SPD-Generalsekretär Franz Müntefering grenzte sich von Schily ab: ”Ich weiß nicht, ob man die Debatte mit einem problematischen Begriffe belasten muss." Integration habe mit Rechten und Pflichten zu tun. Es könne nicht angehen, dass Zuwanderer ”nicht mehr die eigene Kultur im Kopf, im Herzen und in der Kleidung behalten" könnten. Er habe damit ”kein Problem", sagte Müntefering.
Ahnlich äußerte sich der Vorsitzende der Jungsozialisten, Niels Annen. ”Mit seinen Äußerungen zur Assimilierung vertritt Otto Schily nicht die Position der SPD." Der Innenminister habe sich ”in Ton und Wortwahl vergriffen", sagte Annen der WELT. Es gehe nicht um Assimilation, sondern um die Integration von Zuwanderern. Dabei stellten fehlende Sprachkenntnisse das größte Integrationshemmnis dar; in diesem Zusammenhang werde das Zuwanderungsgesetz gute Arbeit leisten.
Eher verhaltene Kritik kam aus der SPD-Bundestagsfraktion. Der Innenminister ist unter den sozialdemokratischen Parlamentariern nicht gerade beliebt. Schily trete oftmals ungehalten und laut auf, berichten Abgeordnete. Erst kürzlich war es bei einer Fraktionssitzung zu einem Eklat mit Fraktionschef Peter Struck gekommen. Schily hatte daraufhin den Fraktionssaal türenknallend verlassen. Inhaltliche Differenzen zwischen Schily und der Fraktion spielen eine geringere Rolle. Zudem ist den Abgeordneten bewusst, dass Schily zu den wichtigsten Stützen von Kanzler Schröder zählt. Der Innenminister, obgleich ohne sozialdemokratischen Stallgeruch, zählt zu den wichtigsten Kräften im Wahlkampf und verkörpert das Sicherheitsinteresse vieler Bürger. So äußerte sich der SPD-Innenexperte und stellvertretende migrationspolitische Sprecher Sebastian Edathy zurückhaltend. Nicht Schilys Aussagen, allein seine Wortwahl sei in dem einen Fall problematisch. ”Assimilierung ist ein Begriff, den man nicht verwenden sollte. Ich verzichte darauf", sagte Edathy der WELT. Gleichwohl müsse darauf hingewiesen werden, dass Zuwanderer die entscheidenden Grundwerte der Verfassung akzeptierten.

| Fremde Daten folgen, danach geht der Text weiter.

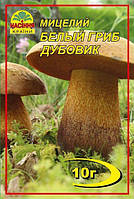 Мицелий грибов Насіння країни Белый гриб Дубовик 10 г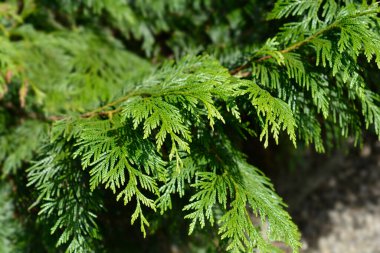 Batı kırmızı sedir dalı - Latince adı - Thuja plicata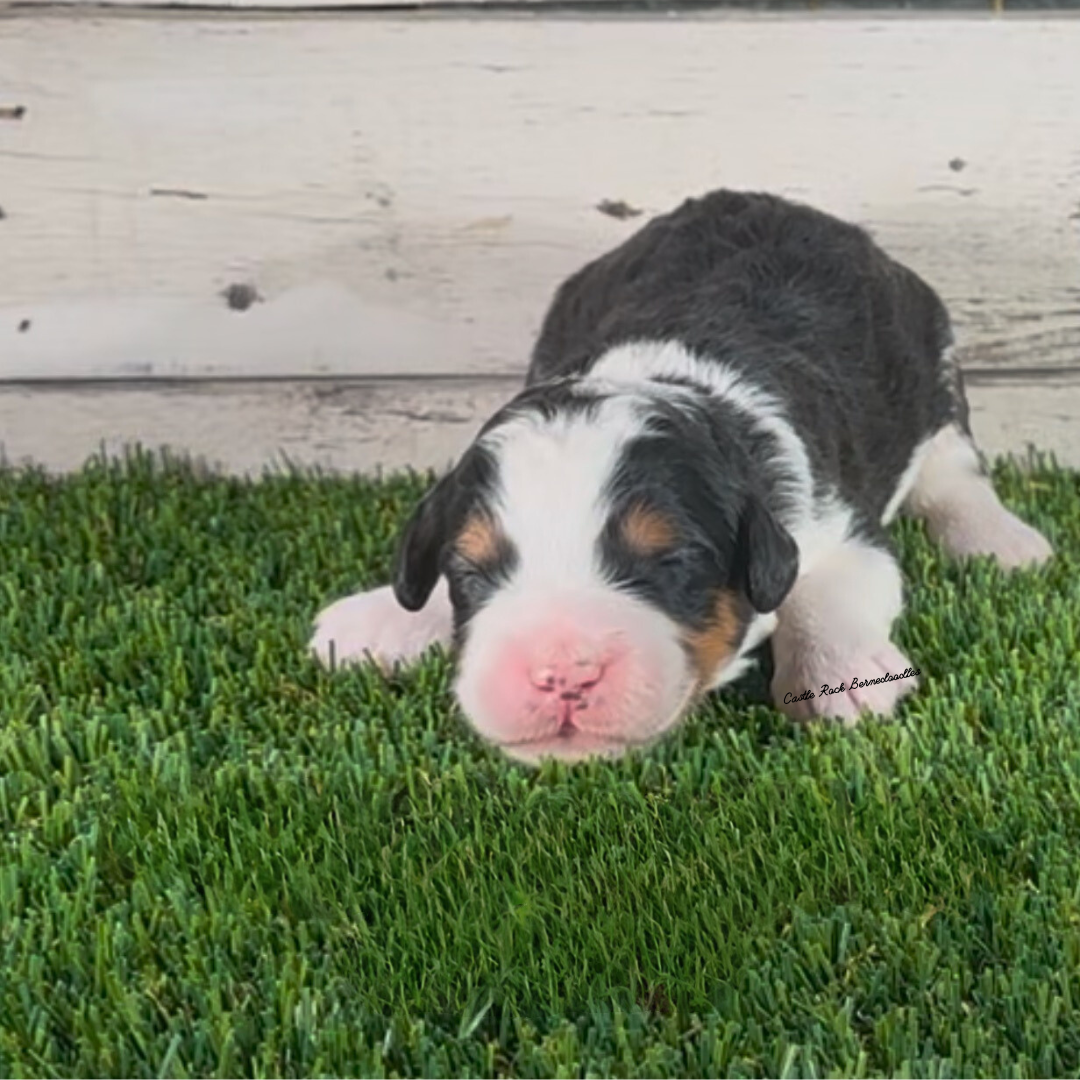 Asher (Male, F1 Mini Bernedoodle) - FOUND A NEW HOME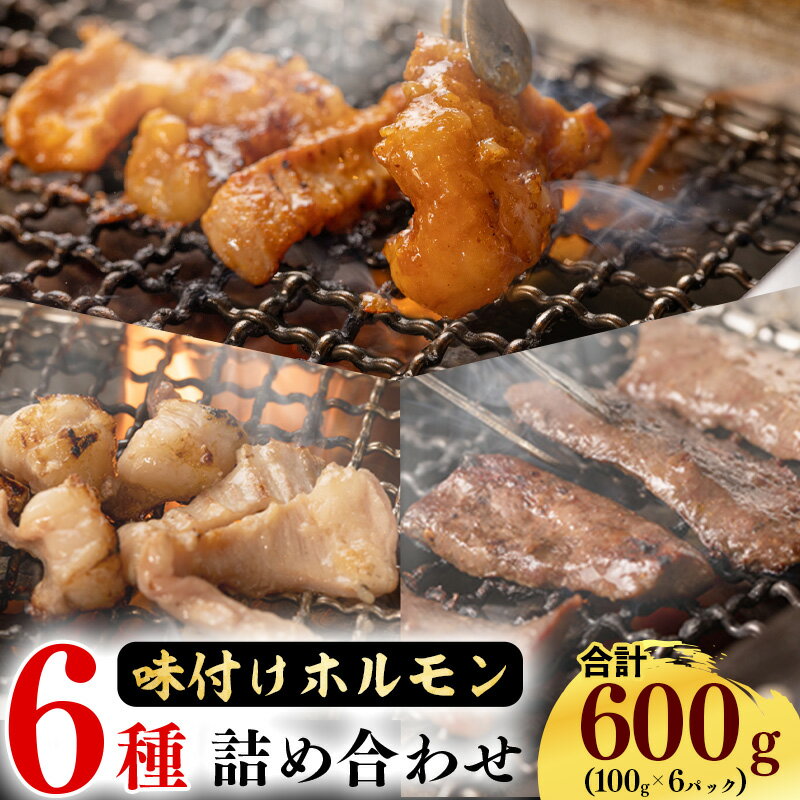 【ふるさと納税】6種類の詰め合わせ《小分け》牛ホルモン 100g×6パック ／ ホルモン ハツ マルチョウ シマチョウ ショウチョウ テッチャン 国産 お取り寄せ 個包装 味つき 食べ比べ 便利 小分け 焼肉 おつまみ 牛肉 山形県 送料無料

Deutlichere Kritik kam von den Grünen. Der innenpolitische Sprecher der Grünen-Fraktion, Cem Özdemir, sagte, Schilys Wort von der ”Assimilierung" erwecke den Eindruck einer ”Leitkulturdebatte auf sozialdemokratisch". Der Begriff sei negativ besetzt. Zuwanderer müssten ”einbringen können, was sie wollen".

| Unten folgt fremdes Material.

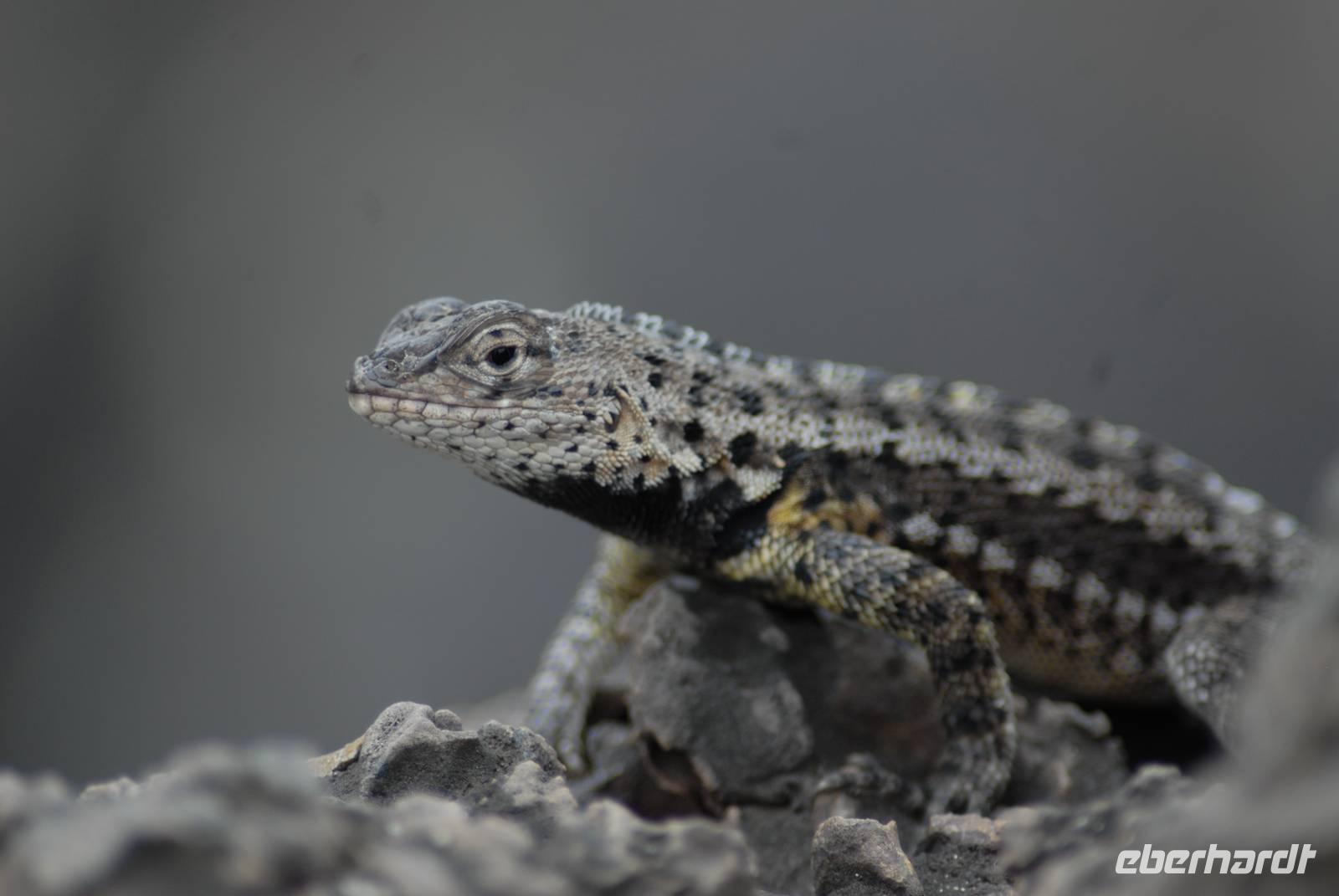 Lavaechse von Floreana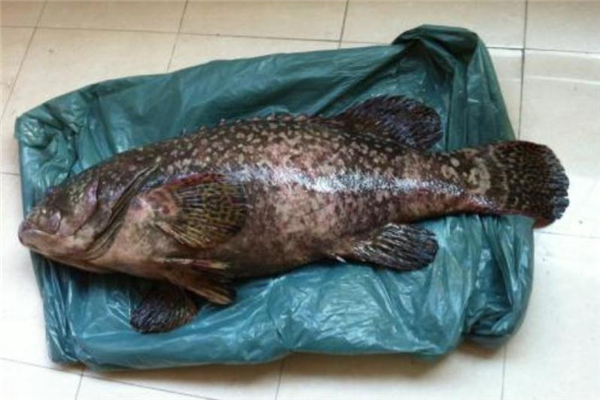 野生石斑魚多少錢一斤 價(jià)格不便宜 野生石斑魚多少錢一斤 價(jià)格不便宜
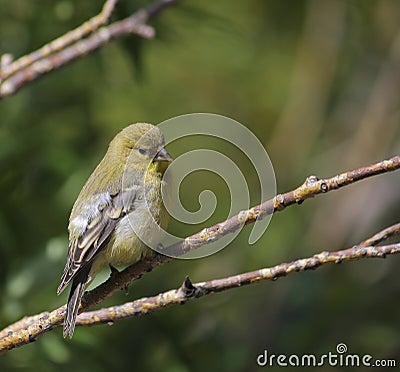 Female Lesser Goldfinch Stock Photo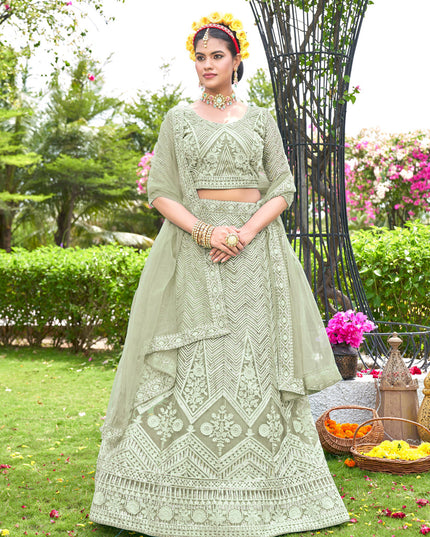 Pastel Green Net Designer Lehenga Choli Set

Die Ausländerbeauftragte der Bundesregierung, Marieluise Beck (Grüne), bezeichnete Schilys Worte als ”nicht glücklich". Nach langen Debatten habe man in der Bundesrepublik einen gesellschaftlichen Konsens erzielt, demzufolge Zuwanderern nicht abverlangt werde, ihre Sprache, Kultur oder Religion aufzugeben, sagte Beck. Dies werde aber mit dem Begriff ”Assimilation" nahe gelegt.

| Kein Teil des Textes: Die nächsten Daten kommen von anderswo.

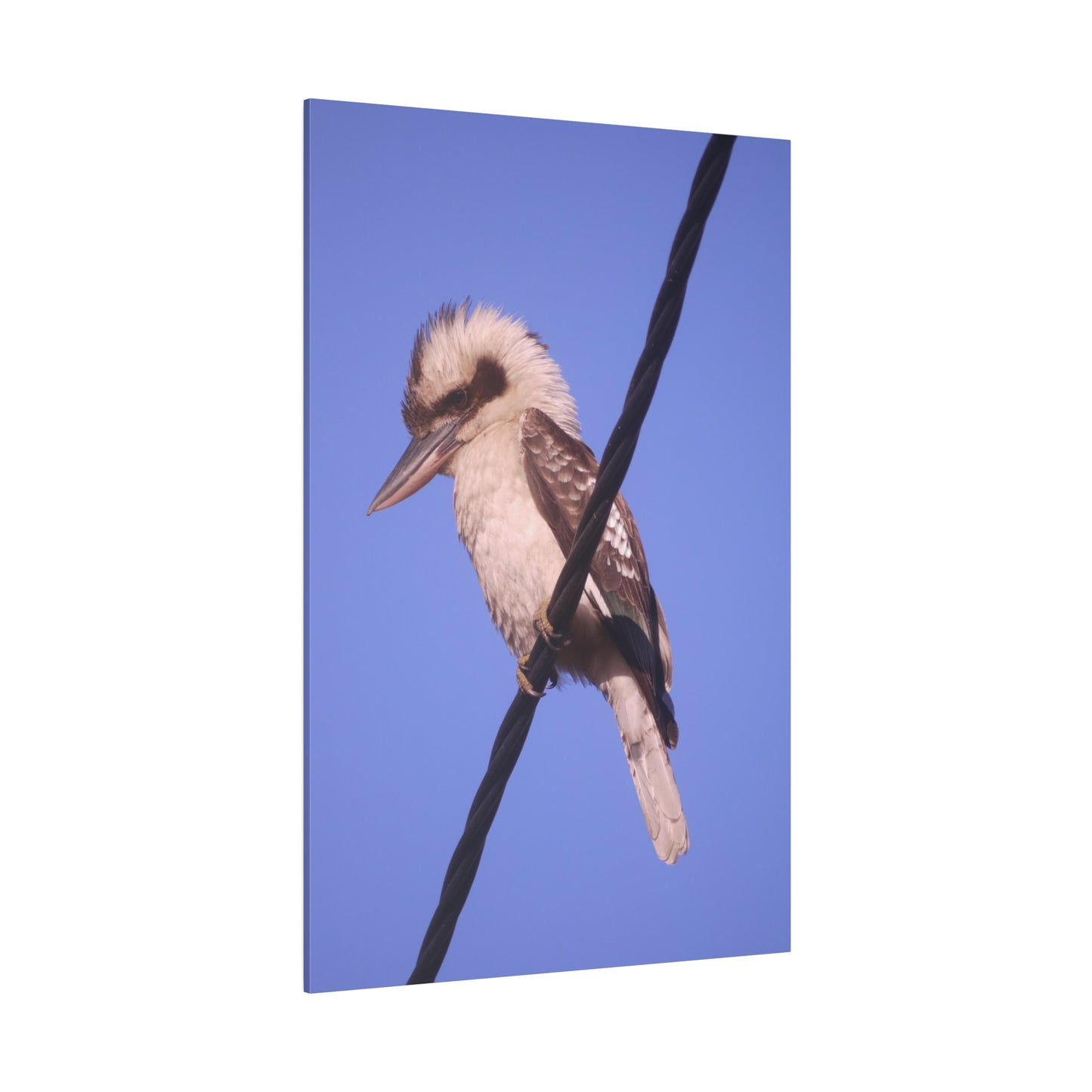 kookaburra Portrait Photo on Canvas.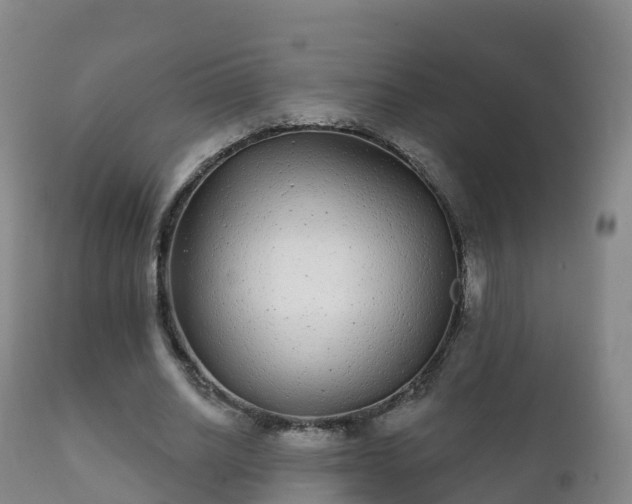 X0000112360630200908201504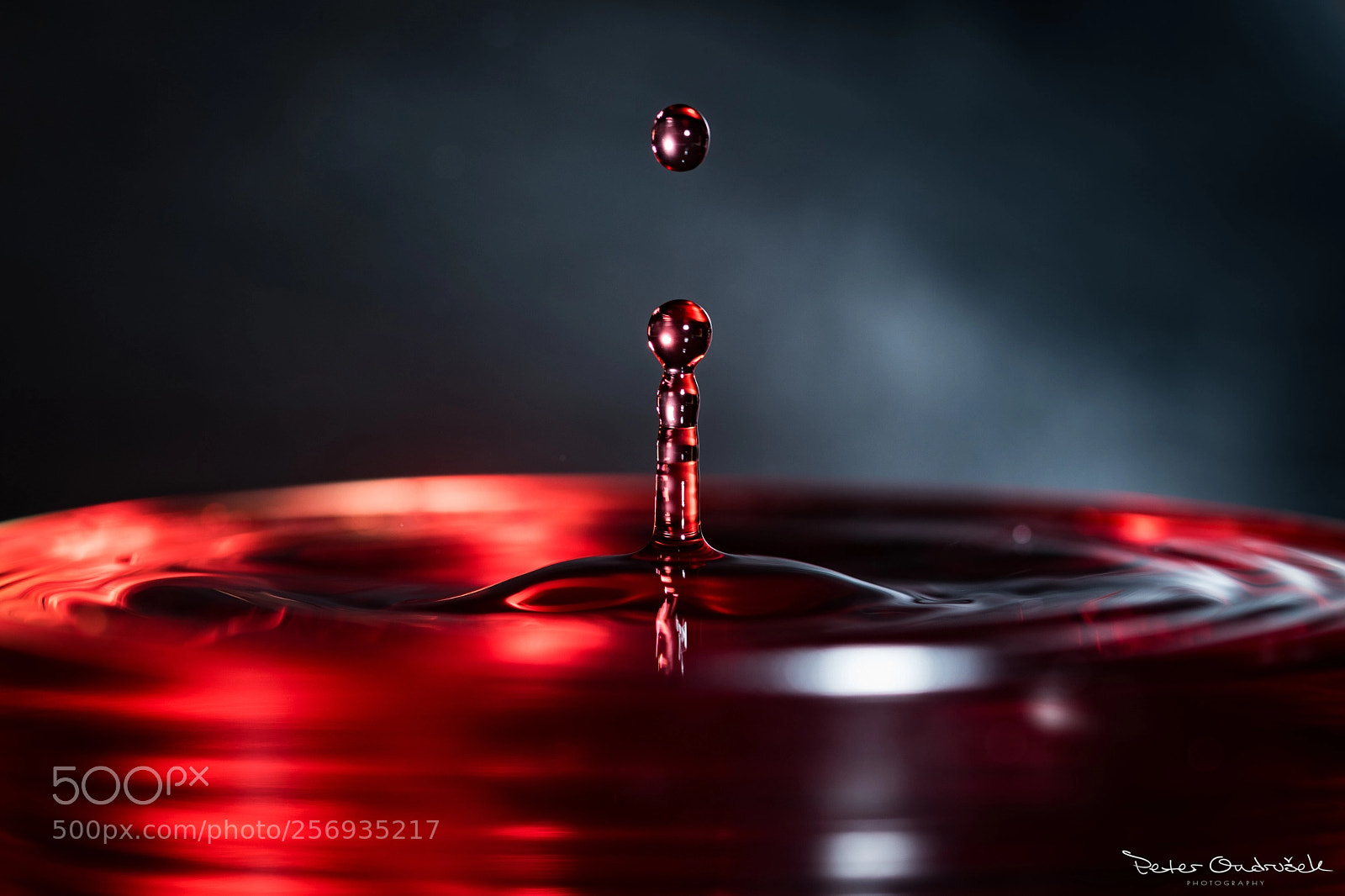 Nikon D850 sample photo. Water drop photography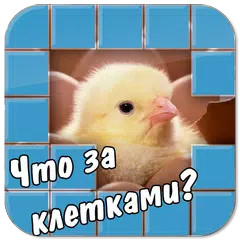 Угадай что за клетками! APK download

Scharfe Kritik kam von den türkischen Vereinen in Deutschland. Diese geplante ”Germanisierung" von kulturellen Minderheiten übertreffe selbst Äußerungen von Unionspolitikern zur so genannten ”Leitkultur", erklärte der Vorsitzende der Türkischen Gemeinde in Deutschland, Hakki Keskin. Der Verband vertritt rund 250 türkische Vereine. Schily entfeme sich von der Politik in allen EU-Staaten, sagte Keskin.